I have no intention of instructing the SDA as the hon. Gentleman suggested. No doubt the SDA will take the hon. Gentleman's suggestions for what they are worth. The SDA itself, through the person of its chief executive, has said only this week that it feels that it has a budget with which it could do a very good job for Scotland. If it finds that it wants more money, no doubt it will tell us.
Is my right hon. Friend aware that the people on Merseyside are deeply concerned about the unemployment in Scotland as well as about the unemployment on Merseyside? We do not feel that the unemployed Scottish workers should be unemployed. Is it not disgraceful that the hon. Member for Perth and East Perthshire (Mr. Crawford) should make statements of that kind, and is it not that sort of statement that will lead to the very backlash which I hope will not come from the English people?
I can only absolutely agree with my hon. Friend. I should add that in the recent crisis situation the workers at Linwood made it clear to the Government that they were looking not for a Linwood solution but for a solution for Chrysler United Kingdom Limited. If that sort of attitude would just occasionally impress itself upon the SNP, we should not hear offensive nonsense from SNP Members so often.
When the Minister next meets the Chairman of the SDA, will be discuss with him the possibility of the Development Commission continuing its work for a little longer than originally planned in the Scottish rural areas? The SDA will have many problems on its hands in the main development areas and the Development Commission is doing a good job which could, perhaps, be usefully continued for another couple of years.

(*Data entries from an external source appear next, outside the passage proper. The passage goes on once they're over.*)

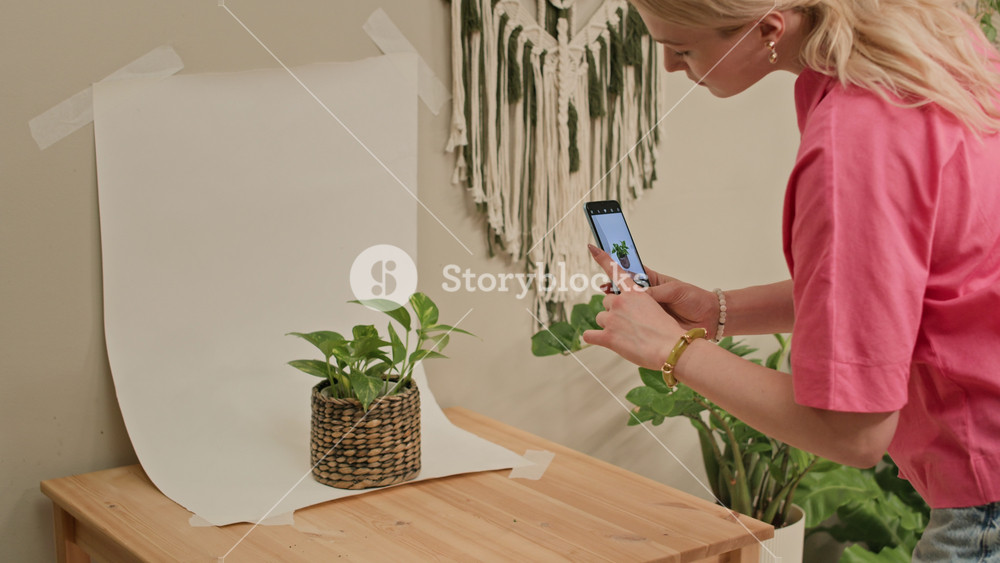 Slowmo shot of young Caucasian woman photographing green houseplant in wicker pot on white paper backdrop with smartphone camera for indoor gardening blog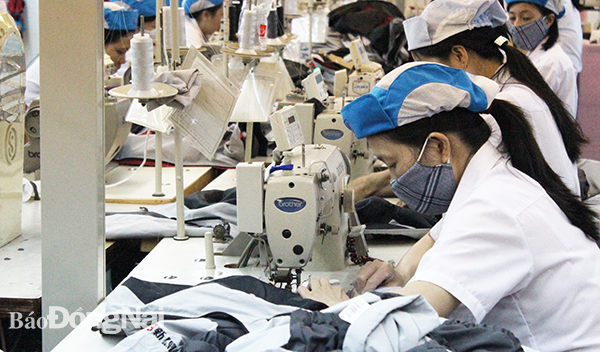 Sản xuất hàng dệt may xuất khẩu tại Công ty CP Đồng Tiến (Khu công nghiệp Amata, TP.Biên Hòa)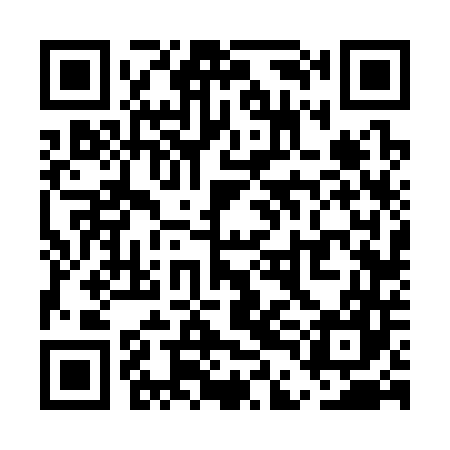 QR code for UDF347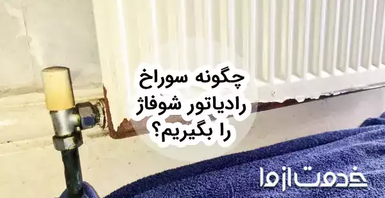 آموزش دستشویی به سگ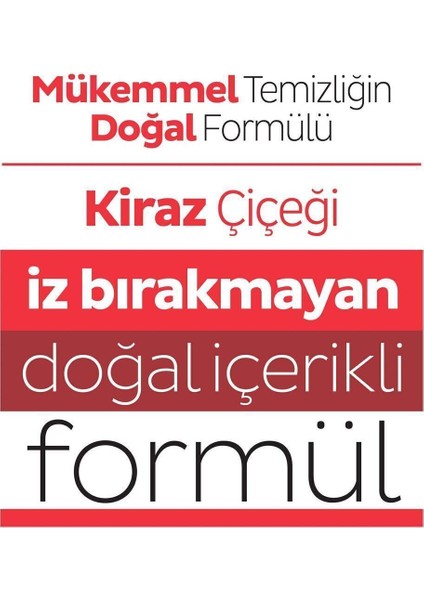 Easy Clean Lilyum Buketi Orkide Bahçesi Kiraz Çiçeği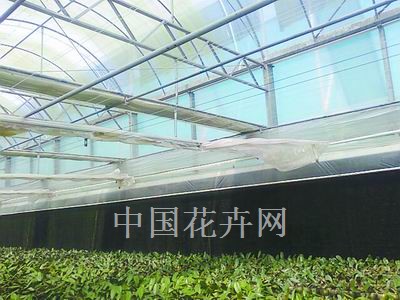 薄膜的养护非常重要，例如温室内的刮网条没安装好,就容易把薄膜刮坏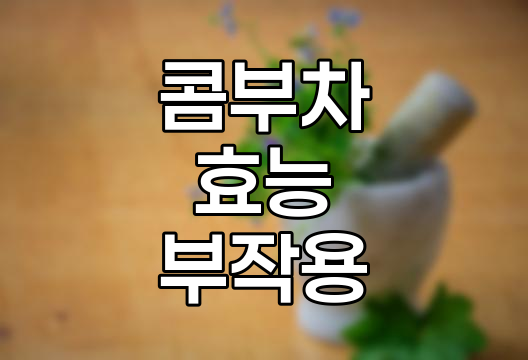 콤부차의 효능과 부작용 상세 분석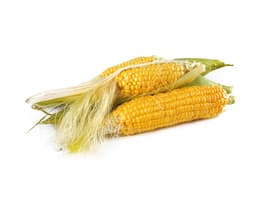 Масло зародышей кукурузы (Zea Mays)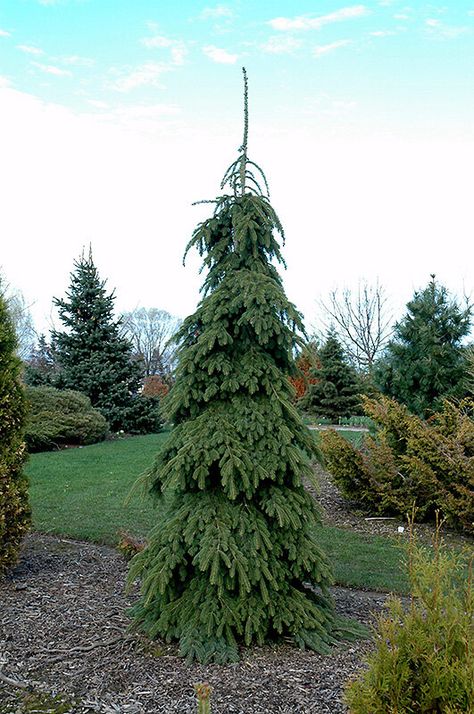 Weeping White Spruce, Picea Glauca, Evergreen Landscape, Conifers Garden, Landscaping On A Hill, White Spruce, Low Maintenance Landscaping, Evergreen Trees, House Landscape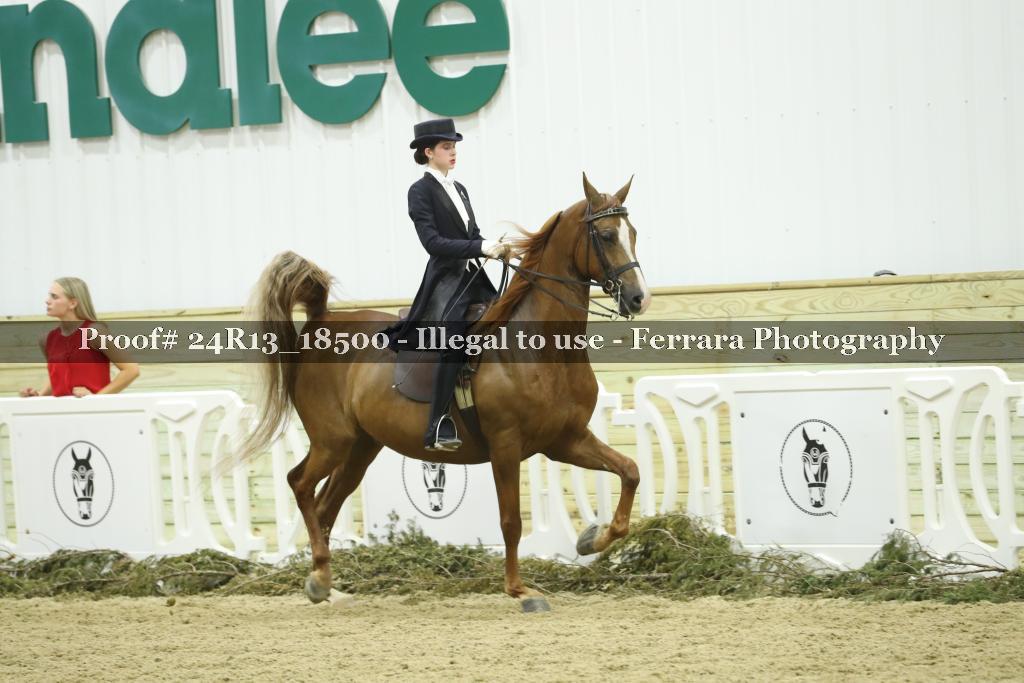 Proof 24R13_18500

I have already dealt with that matter on previous occasions. We have arrangements to make sure that there is no hiatus in the work being done. These arrangements are satisfactory not only to the SDA but to the Development Commission itself. I have discussed this matter on more than one occasion with Donald Chapman, the Chairman of the Commission.
Is the right hon. Gentleman prepared to tell the House how much cash will be available to the Agency this year and next after allowance has been made for the functions which it has taken over from other agencies? Is he aware that we have made many attempts to discover that figure and that the Government have refused to tell us?